**Task prompt**.
Pictures in the data below are not part of the copy; transcribe everything else exactly.

**Provided material**.
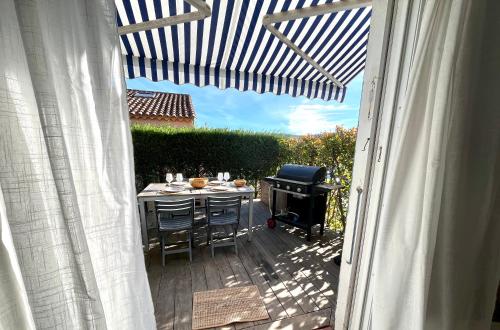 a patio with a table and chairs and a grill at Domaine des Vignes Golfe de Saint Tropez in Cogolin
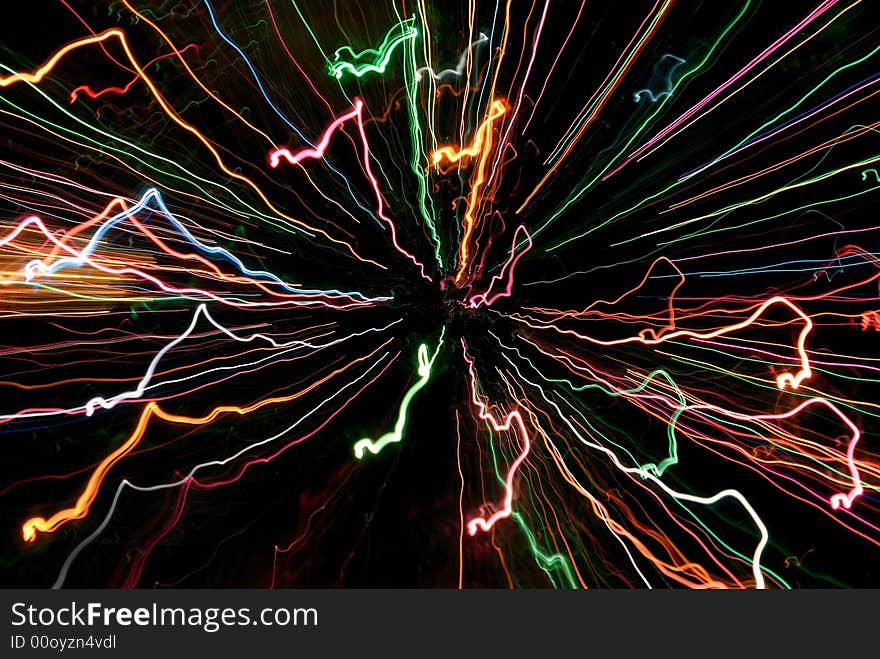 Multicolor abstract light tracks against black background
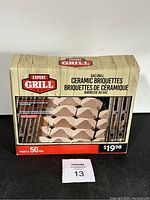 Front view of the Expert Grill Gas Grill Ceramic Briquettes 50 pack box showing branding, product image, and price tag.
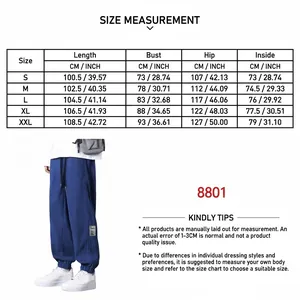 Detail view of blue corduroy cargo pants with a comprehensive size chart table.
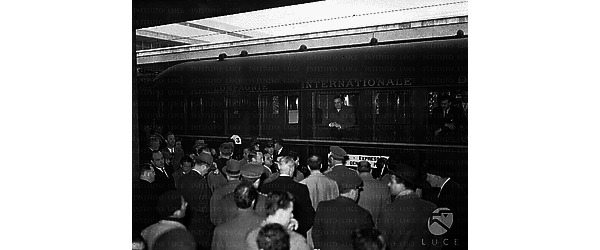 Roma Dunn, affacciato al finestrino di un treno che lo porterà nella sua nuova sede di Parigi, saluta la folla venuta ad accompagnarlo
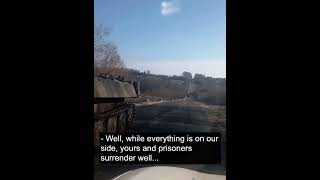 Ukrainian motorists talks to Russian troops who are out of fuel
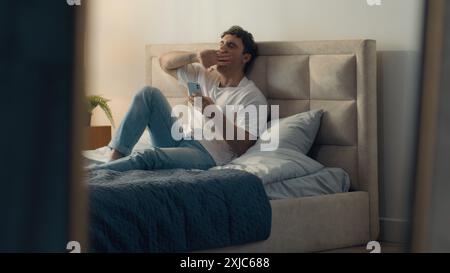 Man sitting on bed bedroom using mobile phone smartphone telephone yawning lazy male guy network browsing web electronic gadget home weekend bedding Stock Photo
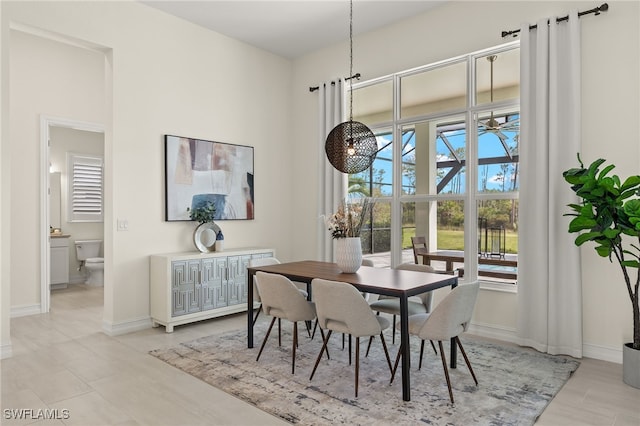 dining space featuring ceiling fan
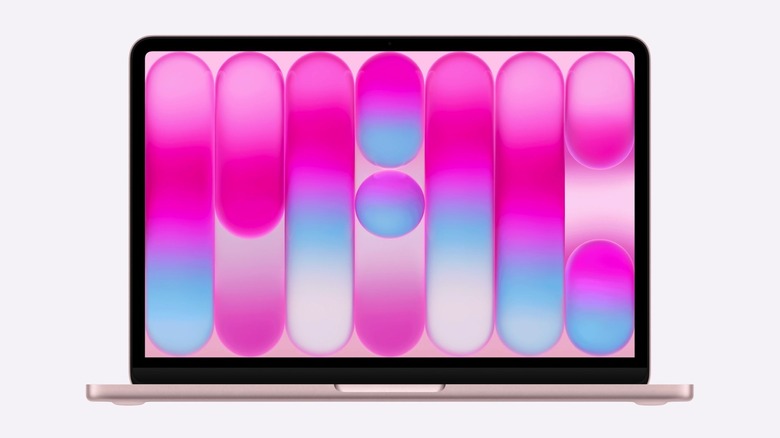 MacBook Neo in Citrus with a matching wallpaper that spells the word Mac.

**Exercise answer**.
 a patio with a table and chairs and a grill at Domaine des Vignes Golfe de Saint Tropez in Cogolin
 Multicolor abstract light tracks against black background
 Front view of the Expert Grill Gas Grill Ceramic Briquettes 50 pack box showing branding, product image, and price tag.
 Detail view of blue corduroy cargo pants with a comprehensive size chart table.
 Roma Dunn, affacciato al finestrino di un treno che lo porterà nella sua nuova sede di Parigi, saluta la folla venuta ad accompagnarlo
 Ukrainian motorists talks to Russian troops who are out of fuel
 Man sitting on bed bedroom using mobile phone smartphone telephone yawning lazy male guy network browsing web electronic gadget home weekend bedding Stock Photo
 dining space featuring ceiling fan
 MacBook Neo in Citrus with a matching wallpaper that spells the word Mac.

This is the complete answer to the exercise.